XCP-ng Security Bulletin: multiple vulnerabilities

Here is your latest XCP-ng sec bulletin, with multiple Xen Security Advisory: XSA-275, XSA-279, XSA-280 and finally XSA-282.

First things first: all those vulnerabilities are patched and already available in XCP-ng updates (for both XCP-ng 7.5 and 7.6).

As usual, 2 options to get them:

  • using yum update directly on each host
  • using Xen Orchestra to install them pool wide in one click in the "Patch" tab of the pool view, clicking on the "Install pool patches" button:
Note: updating won't interrupt anything, you can update confidently in production. It will be taken into account only after a host reboot.

It's up to you to decide when to reboot your hosts. As usual, always reboot your master first. Just be aware that until you decide to reboot, your hosts aren't protected against those attacks.

Xen Orchestra view of the patches available (a new version of XCP-ng Center is also available)

XCP-ng security policy

We are proud to announce that XCP-ng is now officially member of the Xen Advisory pre-disclosure mailing list, for security fixes under embargo. This allow to have more time to find solutions on potential big security issues and to talk with Xen teams about that.

Note that Xen project got a very advanced and powerful security process. You can find more about it here: https://www.xenproject.org/security-policy.html. XCP-ng project can be found under the "Organizations on the pre-disclosure list" paragraph.

Finally, if you find any security issue in XCP-ng, we have a dedicated response team and a email for that: please contact security at xcp-ng dot org.

Vulnerabilities details

Here is the list of vulnerabilities fixed in latest XCP-ng updates.

XSA-275

XSA-275 can be sum up as an insufficient TLB flushing, and/or improper large page mappings with AMD IOMMUs. What's the impact? Well, it means a malicious guest may be able to do a privilege escalation causing the host to crash. Information leak cannot be excluded too. Only AMD users with IOMMU are vulnerable until the patch is applied. This also require PCI devices assigned to the malicious guest. Read the details here.

XSA-279

This security issue affects only 64-bits PV guest on Intel Haswell CPUs (or more recents): the root cause is an issue on a specific Intel instruction call with specific parameters that could lead to a host crash. All details here.

Fun fact: this security issue is somehow a consequence on previous security patches regarding Meltdown mitigation.

XSA-280

Only PV guests are affected by XSA-280. And like XSA-279, it's a consequence on previous security work.
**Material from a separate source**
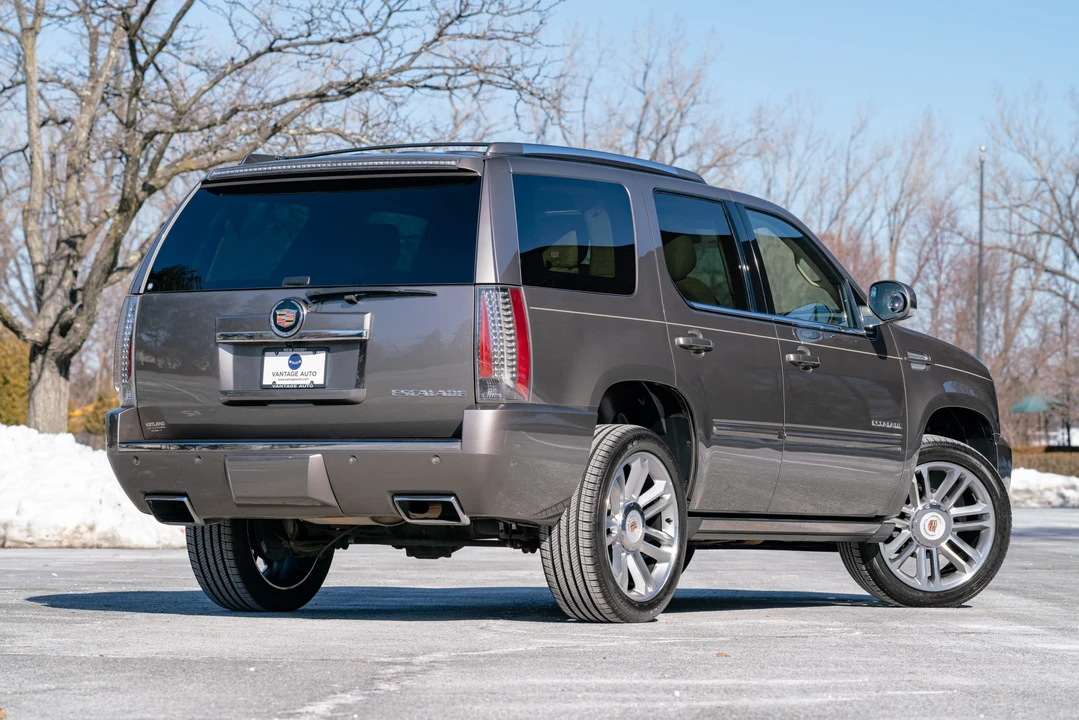 2014 Cadillac Escalade & EXT 3rd Gen - Image 12 of 31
In this case, it's a conflict with shadow paging due to previous work on XSA-240. It affects both AMD and Intel CPUs, and can lead to host crashes. As for others XSA's, if you want to learn more about it, go read the XSA directly.

XSA-282

And at least, XSA-282 is a specific Intel issue documented officially as: "Processor May Hang When Executing Code In an HLE Transaction". In other words, a malicious guest could cause CPU hanging, affecting the entire host. More details there.